BEGIN

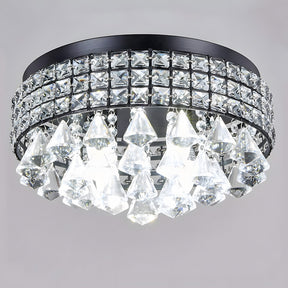 Modern Silver Crystal Flush Mount Ceiling Light for Dining Areas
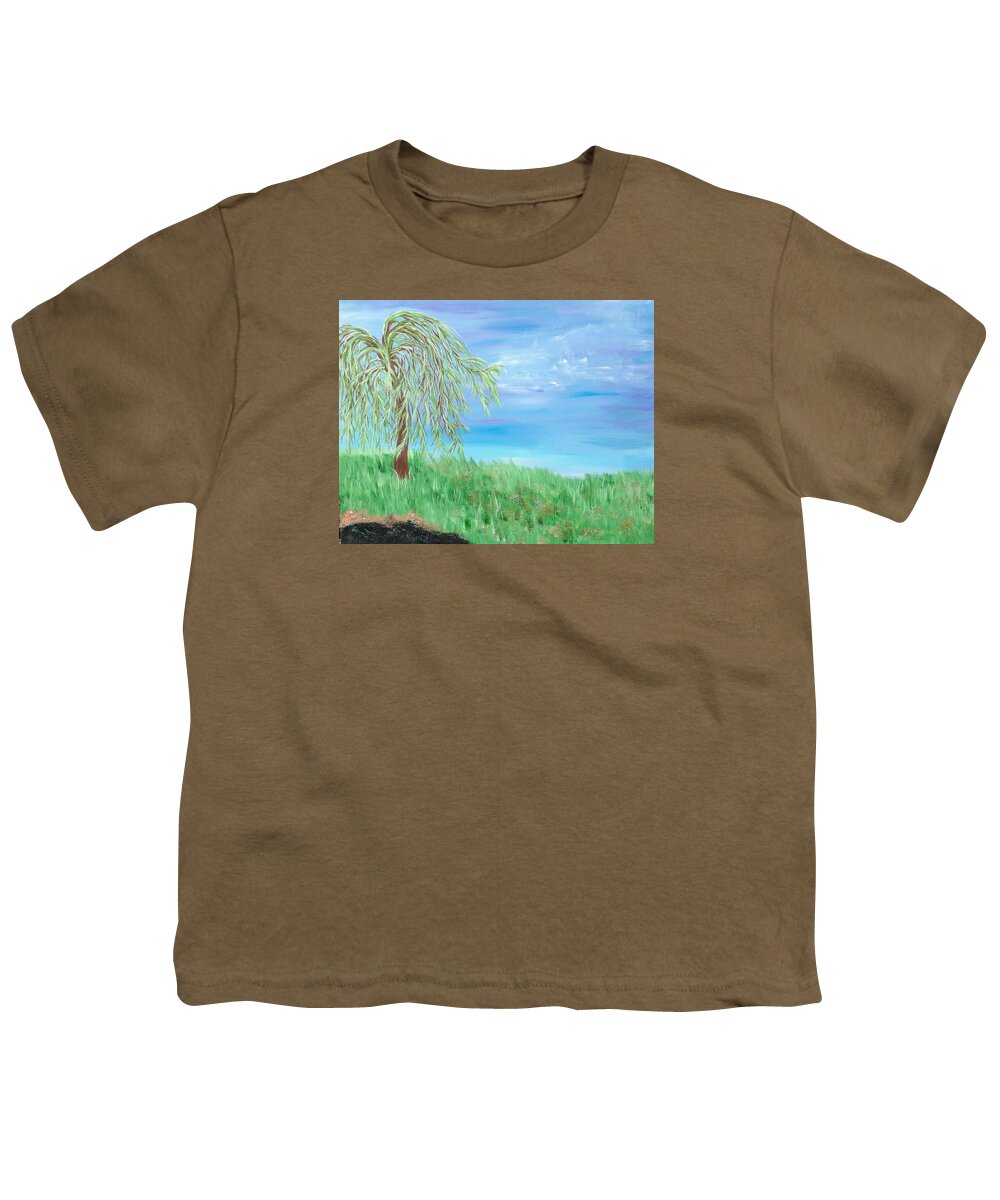 Willow Youth T-Shirt featuring the painting Summer Willow by Angie Butler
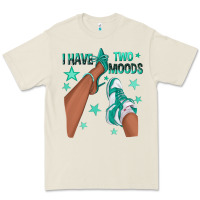 Bone Teal I Have Two Moods Afro Girl Sneakers Premium Tee - texasbilliewilder
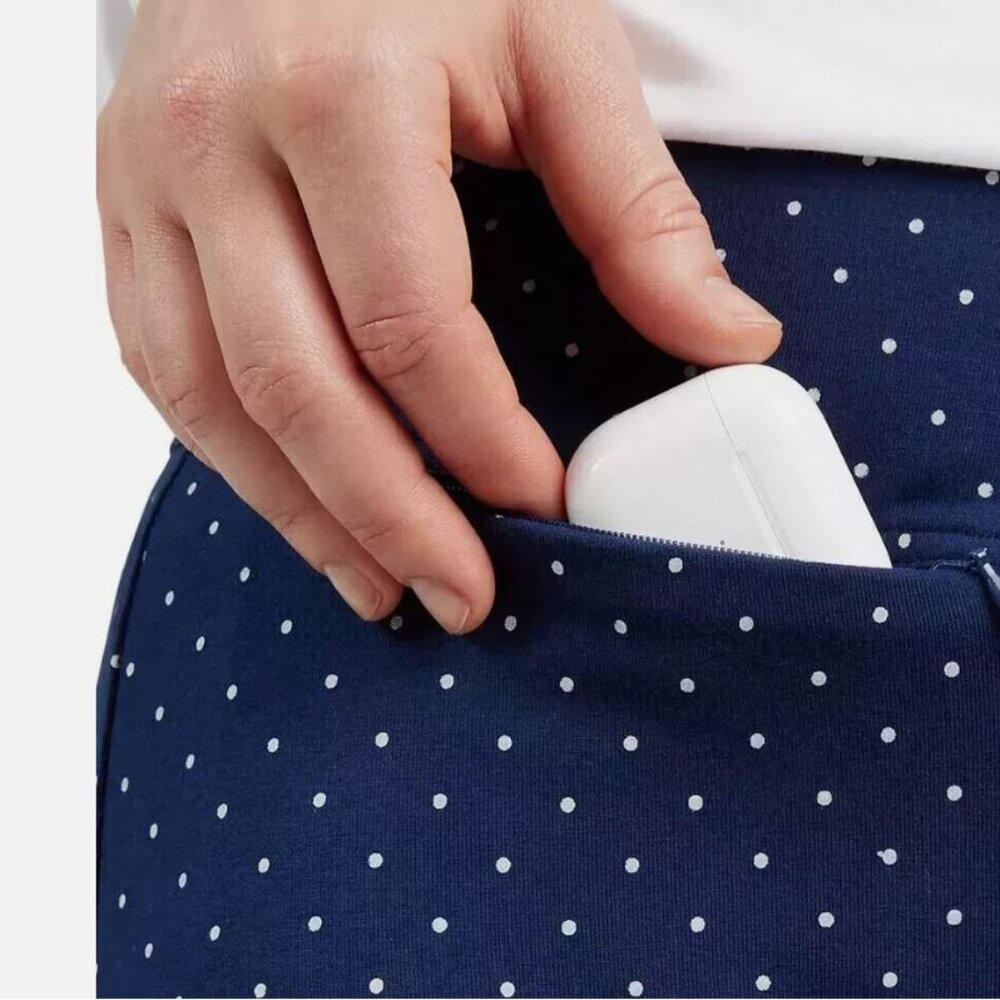 Land's end Women's Shore Knit Capri Pants Stretch Waist Pull On - Navy Polka Dot - Picture 3 of 3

END

## What you should do
This task calls for the listing to be restated exactly, with images omitted.

## Reply
 Modern Silver Crystal Flush Mount Ceiling Light for Dining Areas
 Willow Youth T-Shirt featuring the painting Summer Willow by Angie Butler
 Bone Teal I Have Two Moods Afro Girl Sneakers Premium Tee - texasbilliewilder
 Land's end Women's Shore Knit Capri Pants Stretch Waist Pull On - Navy Polka Dot - Picture 3 of 3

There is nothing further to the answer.